# KJV-o argument



## rmwilliamsjr (Dec 27, 2006)

I could use some help understanding someone's position.

first, it comes from:
http://www.christianforums.com/showpost.php?p=30119568&postcount=24



> * Originally Posted by rmwilliamsll
> wow. i've never heard anyone claim that the Hebrew and Greek texts are not Scripture!!!
> 
> *
> ...



here is the context:


> The Masoretic text and the Textus Receptus are Scripture.





> First of all --- it's not an "ideologue" --- it's plain blasphemy --- specifically, it's a form of "blasphemy against the Holy Ghost" --- by attributing an [inerrant] work of the Holy Ghost to the [errant] works of man.
> 
> Second of all --- that statement caught me off-guard. I've never met a person who considered the Masoretic Text and/or Textus Receptus as Scripture.
> 
> Thirdly --- I've gotten over it --- and now consider myself somewhat "anesthetized" to it. Christians are supposed to get upset --- but they have a duty to get over it, too.





> wow. i've never heard anyone claim that the Hebrew and Greek texts are not Scripture!!!
> 
> i even quoted a 400 year old confession that forms the bases for Presbyterian theology in the US to illustrate this point. It is not only a common point but is the common basis for the inerrantist position in the US conservative churches. The original Greek and Hebrew autographs, the closest we have to these is the MT for the OT and the UBS Greek or TR depending on some other issues.
> 
> ...



I don't wish to discuss the KJV-only movement. What i need help on is identifying where this person gets the set of ideas he identifies as:


> AV100 Koine Greek Version
> AV330 Gothic Version
> AV700 Anglo-Saxon Version
> AV1389 Wycliffe Version
> ...



the original discussion at CF was deleted it is still available for context at:
http://72.14.253.104/search?q=cache...othic+bible&hl=en&gl=us&ct=clnk&cd=1&ie=UTF-8


it is obvious that he knows next to nothing about either textual criticism or the history of the English Bible. My immediate problem is to identify where or from whom he is getting this really funny (not as in ha ha) ideas.

thanks.

addendum:
the continuing saga of this poster, boy i need professional help to get involved in this *grin*

*Second though, would be the TR and MT - but they weren't prompted by God to be written, they were probably motivated by the love of money.
*
from: http://www.christianforums.com/showpost.php?p=30129393&postcount=35


----------



## Contra_Mundum (Dec 27, 2006)

> King James translators did use parts of TR, but only as a reference tool --- not as a source document.
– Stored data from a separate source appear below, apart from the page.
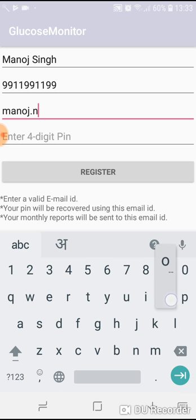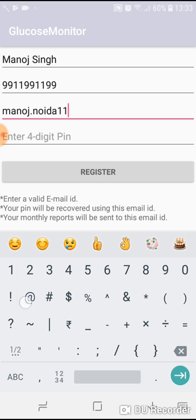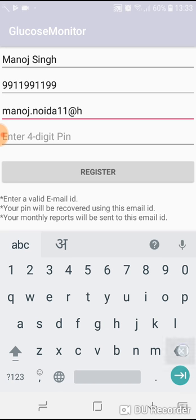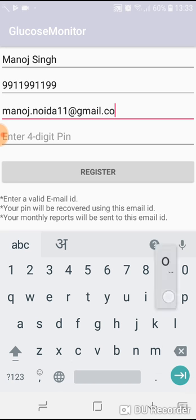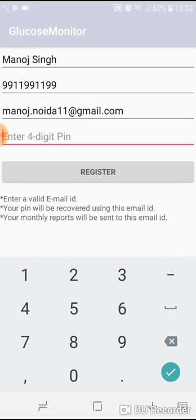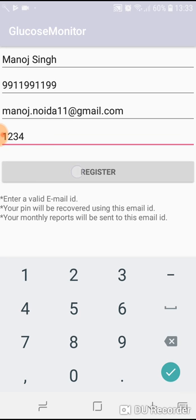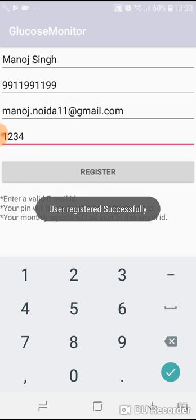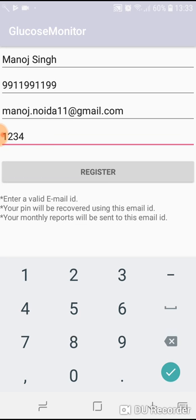One email ID can be registered only once - for a user only one email ID can be used. Let's say pin is 1234. Register. Upon registering you will see the message 'user registered successfully'.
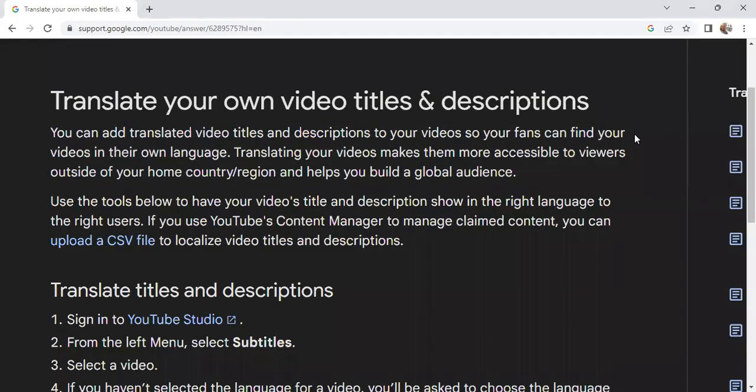What is up YouTube? Today we're going to be talking about getting your video translated to another language so you can get this video out to your audience.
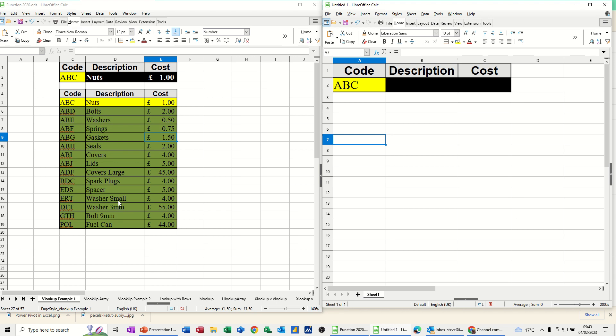Hi guys, welcome to this session in LibreOffice Calc. In this module, I want to show you how you can do a VLOOKUP across multiple files.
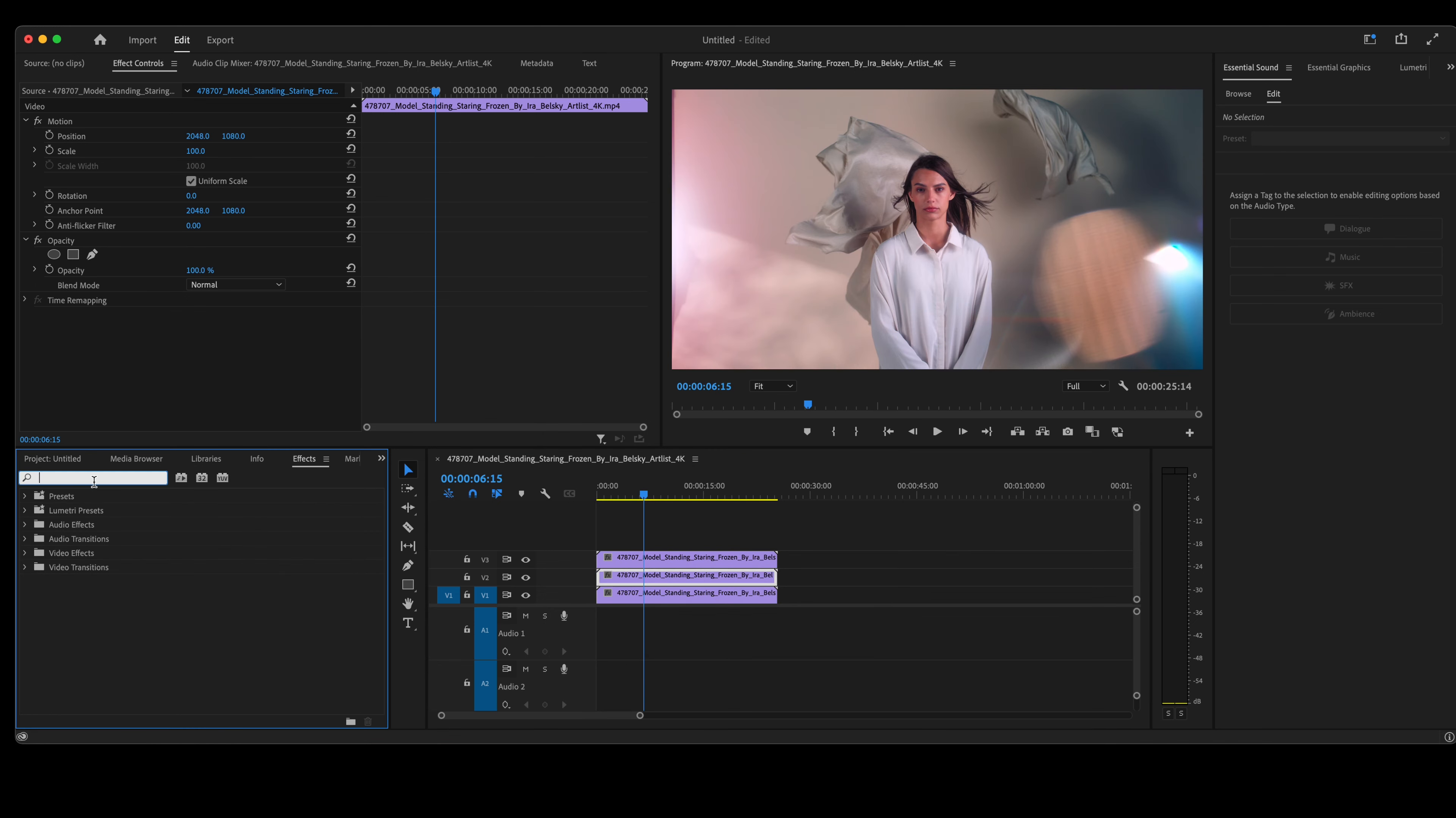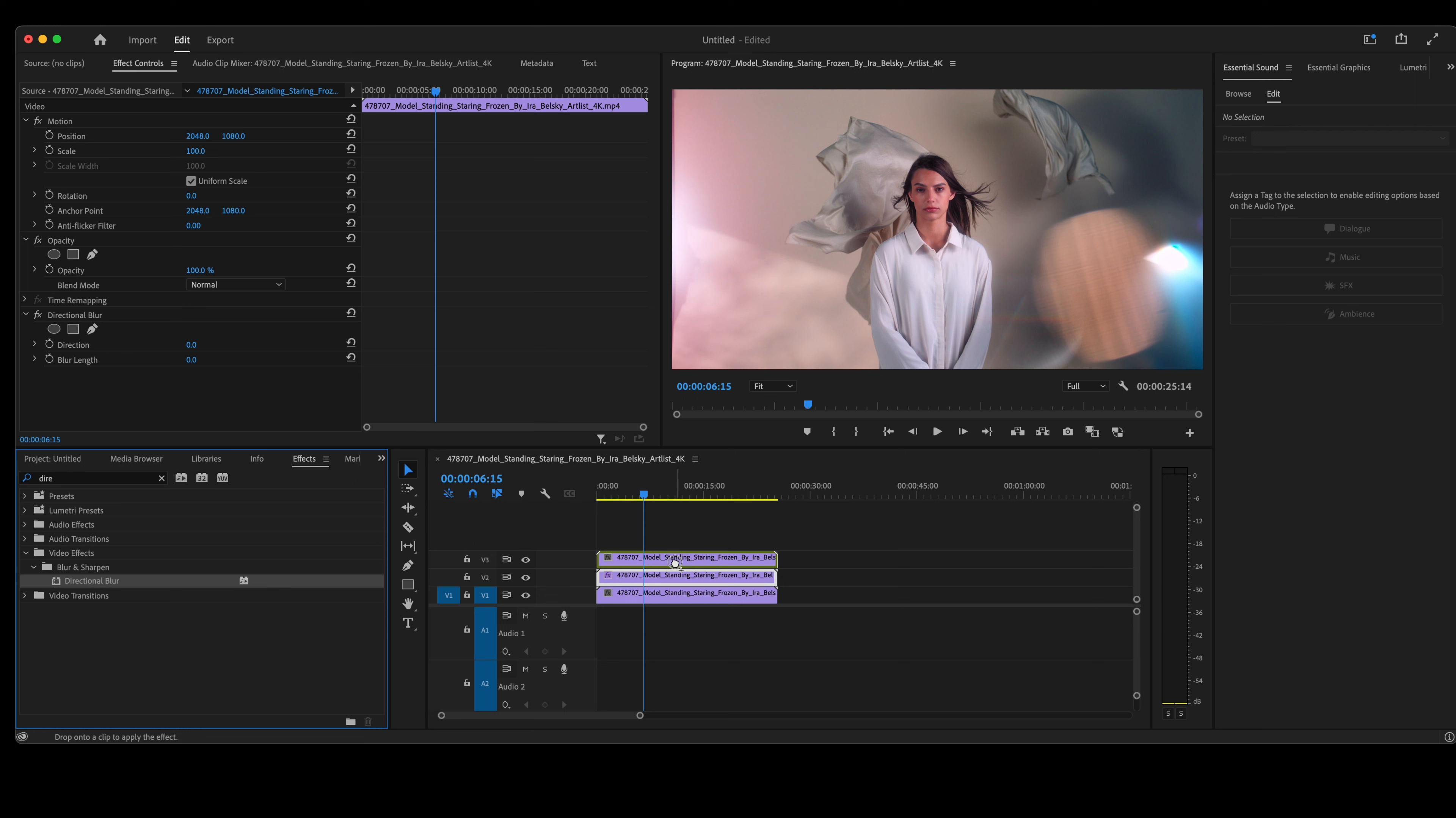Highlight the bottom clip, go over to your effect panel, type in directional blur. Take the directional blur effect and drop it on both video clips.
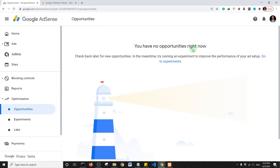Another reason your website may have been rejected is the absence of a privacy policy page or a cookie notice. If your website obtains any kind of data from users, you absolutely need a privacy policy page and a cookie notice.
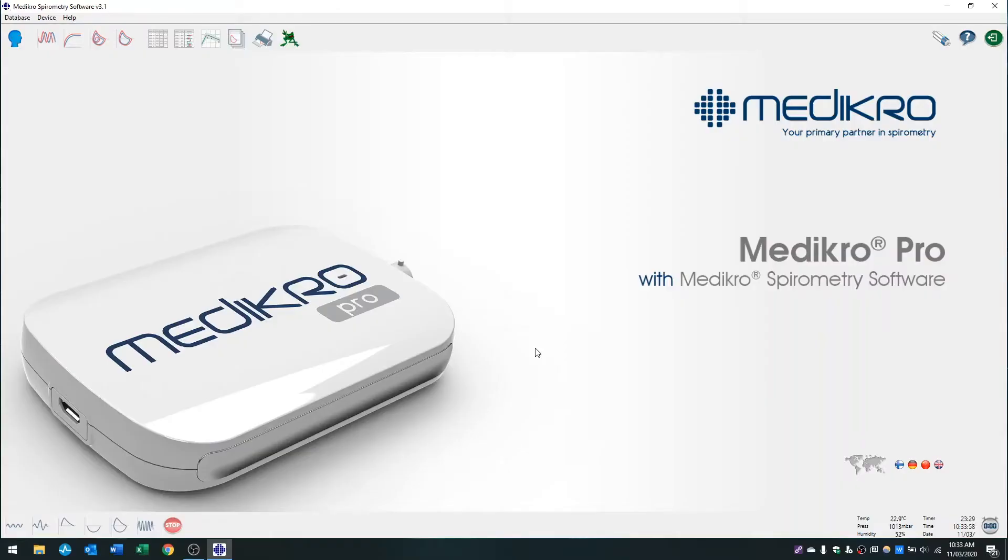Hi, this is a Bird Healthcare video on how to perform a calibration check in the Medikro spirometry software.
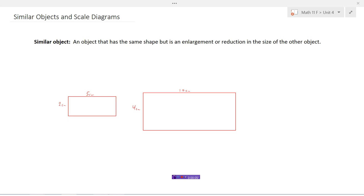Similar objects and scale diagrams. A similar object is an object that has the exact same shape, but is either an enlargement or a reduction in size of the other object. Here are two rectangles — a little one and a big one — and these are similar objects.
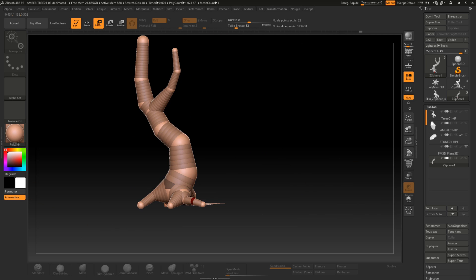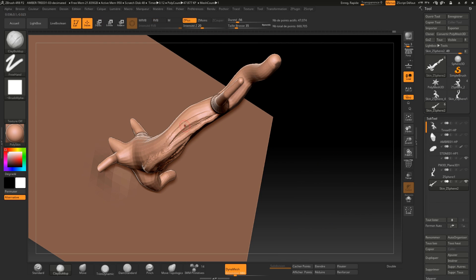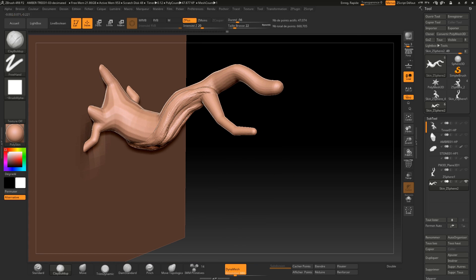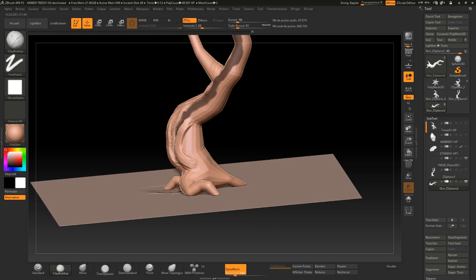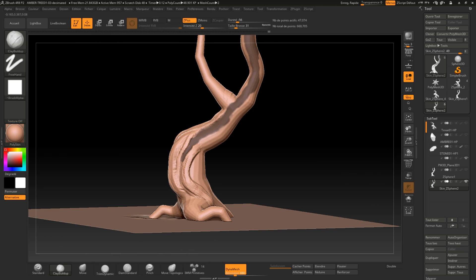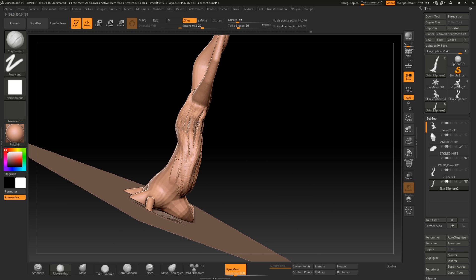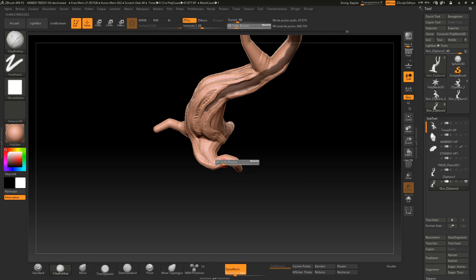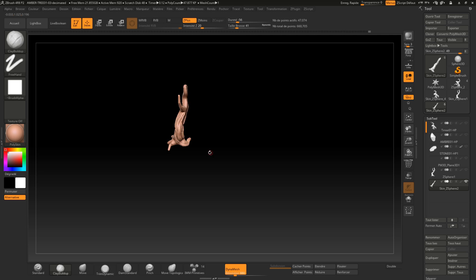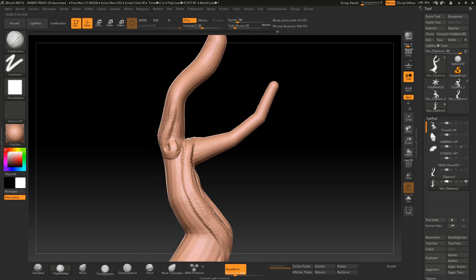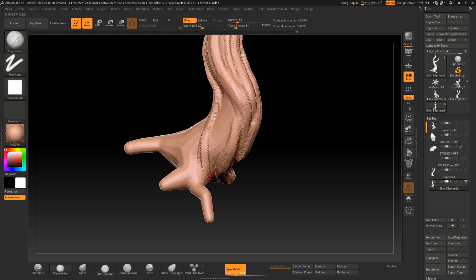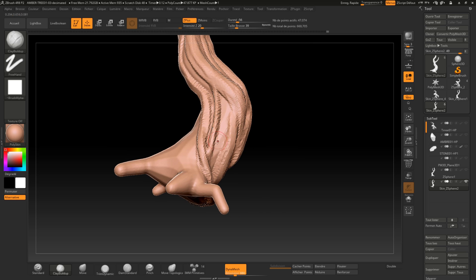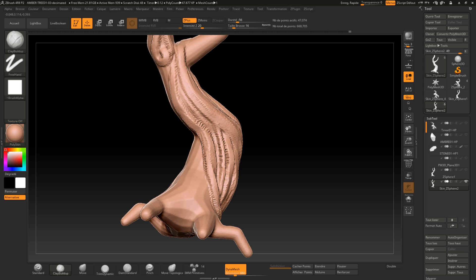Once I'm done with profiling, I will create an adaptive skin and import it as a new sub-tool. Then I will use the clay build-up brush to create the main wrinkles of the tree and try to compose the main shape. I've also masked an area that will be a part of the tree where the bark has been removed or has been broken.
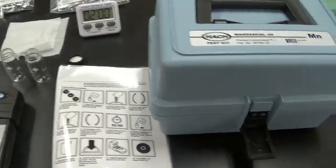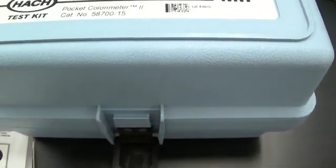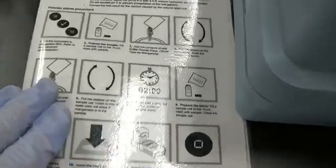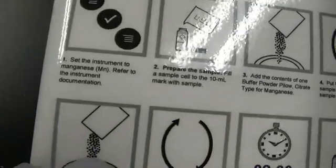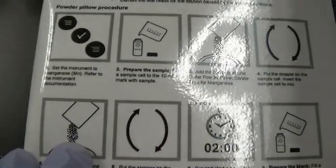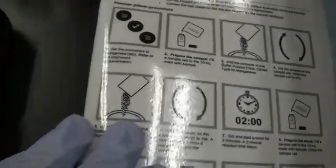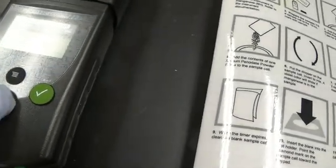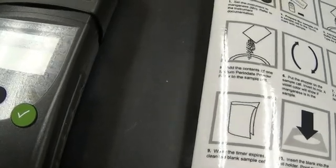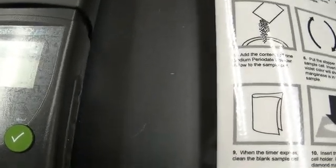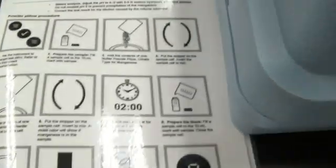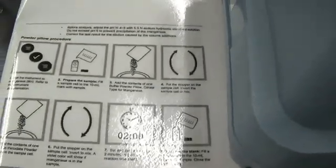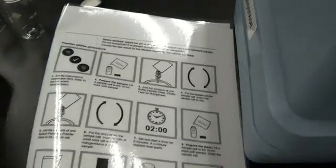I'm going to test my water using the manganese hock kit here. Check out the directions. Set up the instrument to manganese. Refer to the instrument documentation. There it is at milligrams per liter. Prepare the sample. Fill with 10 mils to the mark.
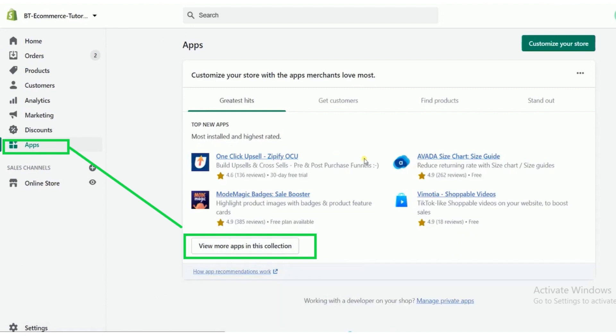Now click on the apps button. After clicking on the apps button, click on the view more apps button.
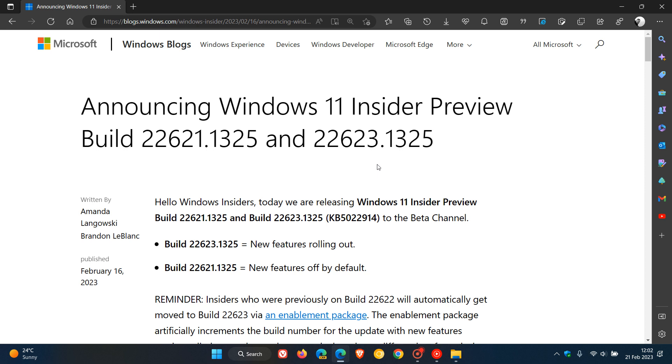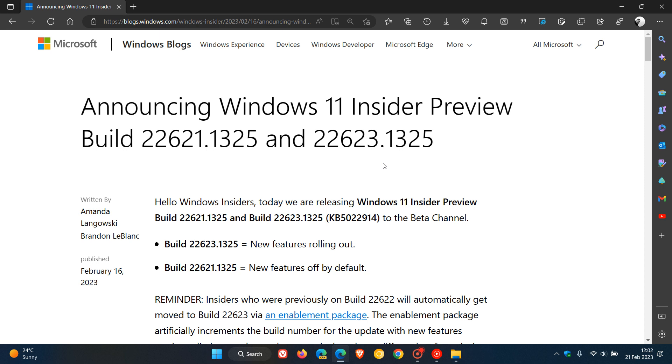that the next beta channel build will be 2262. When that makes its way to the beta channel, 2262 will have the new features rolling out. Apparently that's going to be enabled using an enablement package with the update KB5023595, which will bring the third wave of new features to the beta channel, with build number 2262 and point whatever. That point release will obviously be bumped up accordingly.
This fellow apparently doesn't believe the translators themselves:
(from the title page of nearly any KJV)


> translated out of the original tongues and with the former translations diligently compared and revised


Pardon my denseness, but that sure sounds like the translators were using the Greek and Hebrew texts as the "source" documents, and "referenced" the extant contemporaneous and ancient translations. Oh, wow, it says exactly that in the "translator's note to the reader."


As for his list, it looks like he's claiming that the Bible is "transmitted" into some common or parent translation, and used until hardly anyone speaks that dialect anymore, when God then uses some scholar like Wycliffe to "transmit" the text from old Anglo-Saxon into Old English.

Hence, he can claim that the "source" documents are Middle English prior to the KJV. And they are the "inspired" Bible for some certain time and people, and have to be then the BASIS for the next generation--the KJV.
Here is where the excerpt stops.